Sorry for the necro but I’m having the exact same issue.

#grep "rbd1 rw" /proc/*/mountinfo 2>/dev/null
/proc/3517630/mountinfo:360 348 252:16 / /var/snap/lxd/common/lxd/storage-pools/remote/containers/among-us rw,relatime shared:76 - ext4 /dev/rbd1 rw,discard,stripe=16
/proc/3517655/mountinfo:360 348 252:16 / /var/snap/lxd/common/lxd/storage-pools/remote/containers/among-us rw,relatime shared:76 - ext4 /dev/rbd1 rw,discard,stripe=16
/proc/3517692/mountinfo:360 348 252:16 / /var/snap/lxd/common/lxd/storage-pools/remote/containers/among-us rw,relatime shared:76 - ext4 /dev/rbd1 rw,discard,stripe=16
/proc/3537155/mountinfo:360 348 252:16 / /var/snap/lxd/common/lxd/storage-pools/remote/containers/among-us rw,relatime shared:76 - ext4 /dev/rbd1 rw,discard,stripe=16
/proc/3537175/mountinfo:360 348 252:16 / /var/snap/lxd/common/lxd/storage-pools/remote/containers/among-us rw,relatime shared:76 - ext4 /dev/rbd1 rw,discard,stripe=16
/proc/3554782/mountinfo:360 348 252:16 / /var/snap/lxd/common/lxd/storage-pools/remote/containers/among-us rw,relatime shared:76 - ext4 /dev/rbd1 rw,discard,stripe=16
/proc/3555055/mountinfo:360 348 252:16 / /var/snap/lxd/common/lxd/storage-pools/remote/containers/among-us rw,relatime shared:76 - ext4 /dev/rbd1 rw,discard,stripe=16
/proc/3555152/mountinfo:360 348 252:16 / /var/snap/lxd/common/lxd/storage-pools/remote/containers/among-us rw,relatime shared:76 - ext4 /dev/rbd1 rw,discard,stripe=16
/proc/3555169/mountinfo:360 348 252:16 / /var/snap/lxd/common/lxd/storage-pools/remote/containers/among-us rw,relatime shared:76 - ext4 /dev/rbd1 rw,discard,stripe=16
/proc/3556119/mountinfo:360 348 252:16 / /var/snap/lxd/common/lxd/storage-pools/remote/containers/among-us rw,relatime shared:76 - ext4 /dev/rbd1 rw,discard,stripe=16
/proc/3556346/mountinfo:360 348 252:16 / /var/snap/lxd/common/lxd/storage-pools/remote/containers/among-us rw,relatime shared:76 - ext4 /dev/rbd1 rw,discard,stripe=16
/proc/3556408/mountinfo:360 348 252:16 / /var/snap/lxd/common/lxd/storage-pools/remote/containers/among-us rw,relatime shared:76 - ext4 /dev/rbd1 rw,discard,stripe=16
/proc/3556722/mountinfo:360 348 252:16 / /var/snap/lxd/common/lxd/storage-pools/remote/containers/among-us rw,relatime shared:76 - ext4 /dev/rbd1 rw,discard,stripe=16
/proc/3556809/mountinfo:360 348 252:16 / /var/snap/lxd/common/lxd/storage-pools/remote/containers/among-us rw,relatime shared:76 - ext4 /dev/rbd1 rw,discard,stripe=16
/proc/3556919/mountinfo:360 348 252:16 / /var/snap/lxd/common/lxd/storage-pools/remote/containers/among-us rw,relatime shared:76 - ext4 /dev/rbd1 rw,discard,stripe=16
/proc/3556973/mountinfo:360 348 252:16 / /var/snap/lxd/common/lxd/storage-pools/remote/containers/among-us rw,relatime shared:76 - ext4 /dev/rbd1 rw,discard,stripe=16

Sadly for me the nsenter command does not appear to be doing anything.

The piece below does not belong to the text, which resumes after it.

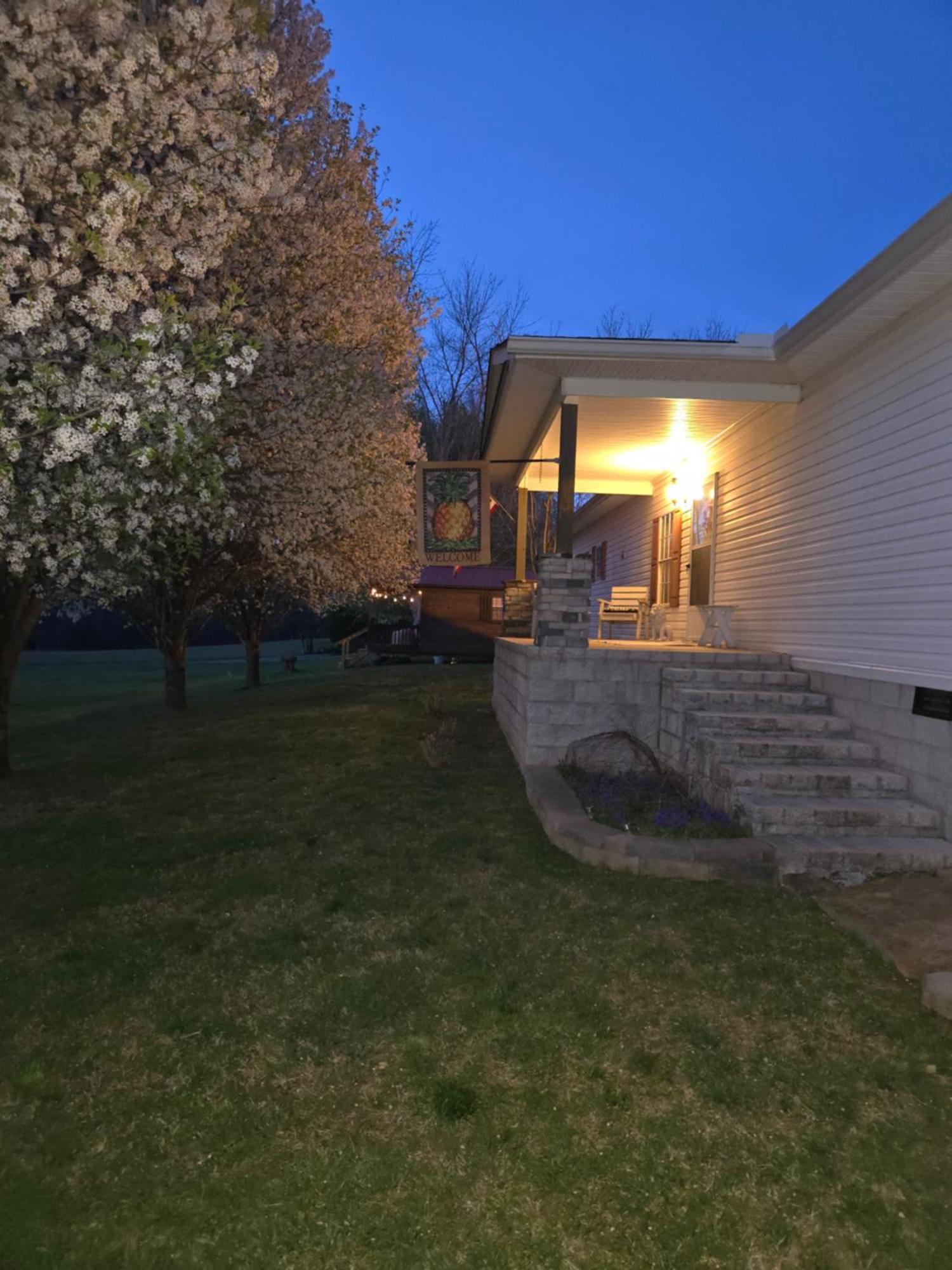 Flatt Creek Cottage Livingston ภายนอก รูปภาพ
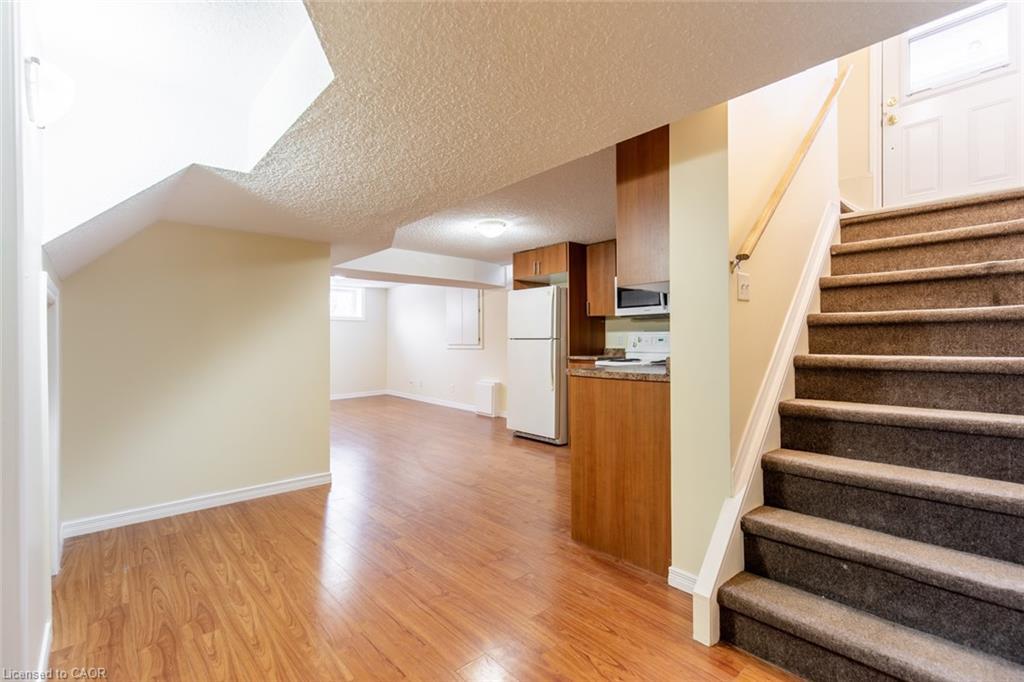 16 Garrow Drive, Hamilton, ON - Indoor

# nsenter -t 3517630 -m - umount /var/snap/lxd/common/lxd/storage-pools/remote/containers/among-us
nsenter: failed to execute -: No such file or directory

Any other way to solve this?

stgraber · November 4, 2020, 2:44pm

Remove the dash between the PID and umount

Maran · November 4, 2020, 3:50pm

Thanks that did the trick!

Is there anything you know of that could trigger this since I seem to get this consistently, some things I should perhaps not be doing?